The mechanisms responsible for potential effects of obesity on recovery of cardiac function have not, to our knowledge, be previously assessed. We found that obese males had a significant increase in α‐MHC expression, the major MHC isoform in the rodent heart, ³⁰ , ³¹ after MI compared with mice fed a normal chow. Furthermore, there were no changes in α‐MHC expression at baseline (ie, in mice before MI) in obese‐normotensive or obese‐hypertensive mice, indicating that α‐MHC was induced only after MI in HFFD‐fed mice. Increased α‐MHC expression is associated with improved function and may be induced by cardioprotective measures such as exercise, while decreased expression of α‐MHC coincides with impaired cardiac function and onset of heart failure. ³⁰ , ³¹ MHC isoform switching toward α‐MHC may be a compensatory response for shifting metabolic demands, as the alpha isoform predominates over the beta isoform when fatty acid beta‐oxidation predominates over glycolysis. ³² While we did not directly measure cardiac metabolic flux in this study, we found that inhibitory phosphorylation of ACC was increased in post‐MI hearts of obese male mice, while total ACC expression was not changed, indicating inhibition of fatty acid synthesis and a shift toward fatty acid oxidation, which has been associated with improvements in post‐MI LV function. ²⁹ Thus, the altered metabolic environment in the post‐MI heart of obese‐normotensive males may have driven the increase in α‐MHC expression.
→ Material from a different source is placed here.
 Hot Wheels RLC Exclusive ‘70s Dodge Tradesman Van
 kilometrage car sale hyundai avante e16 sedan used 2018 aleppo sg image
We observed activation of cardioprotective signaling pathways in the post‐MI heart of obese‐normotensive male mice, including Akt, AMPK, and PPAR‐γ). Akt is a member of the myocardial insulin signaling cascade, and is activated directly by insulin stimulation in the heart, while impaired Akt phosphorylation is a hallmark of myocardial insulin resistance. ³³ , ³⁴ Akt activation has also been observed in obese rats following MI, ³⁴ indicating that obesity may paradoxically improve insulin signaling in the ischemic heart. Whether this occurs with more extreme levels of obesity remains to be investigated. AMPK has several cardioprotective actions in the ischemic heart, including upregulation of glucose oxidation and glycolytic metabolism and inhibition of fatty acid synthesis via phosphorylation of ACC, which was also observed in obese‐normotensive mice. ³⁵ Obesity also increased expression of PPAR‐γ in the post‐MI male heart. PPAR‐γ is activated by ligands such as fatty acids, ³⁶ and exerts multiple cardioprotective effects, including protection against oxidative stress and inflammation, and enhancing glycolytic and lipid/oxidative metabolism. ³⁷

We also observed differences in circulating adipokines after MI, including leptin and adiponectin, which may contribute to changes in insulin sensitivity and myocardial remodeling. Leptin is secreted by adipose tissue and correlates with increased body weight, particularly fat mass. ³⁸ Although increased leptin may raise blood pressure, the effect of higher leptin levels on the heart after MI is still uncertain; some studies have also reported that high leptin levels improve cardiac function and protect against obesity‐induced or ischemic injury, ³⁹ , ⁴⁰ However, plasma leptin was not significantly different among HFFD+MI or HFFD+hypertension+MI males, although it was slightly attenuated in HFFD+hypertension+MI females. We also observed significant differences in plasma adiponectin, which was increased in HFFD+MI males but attenuated in the HFFD+hypertension+MI group, mirroring the differences we saw in Akt, AMPK, and PPAR‐γ activation. Adiponectin has insulin‐sensitizing and cardioprotective properties, including activation of AMPK. ⁴¹ Although plasma adiponectin is typically decreased in obese humans, studies have shown that it is elevated in mice during the early stages of diet‐induced obesity, then progressively decreases. ⁴² Thus, obesity may paradoxically offer some cardioprotection in the post‐MI heart of surviving males via increased insulin signaling and activation of cardioprotective metabolic signaling pathways.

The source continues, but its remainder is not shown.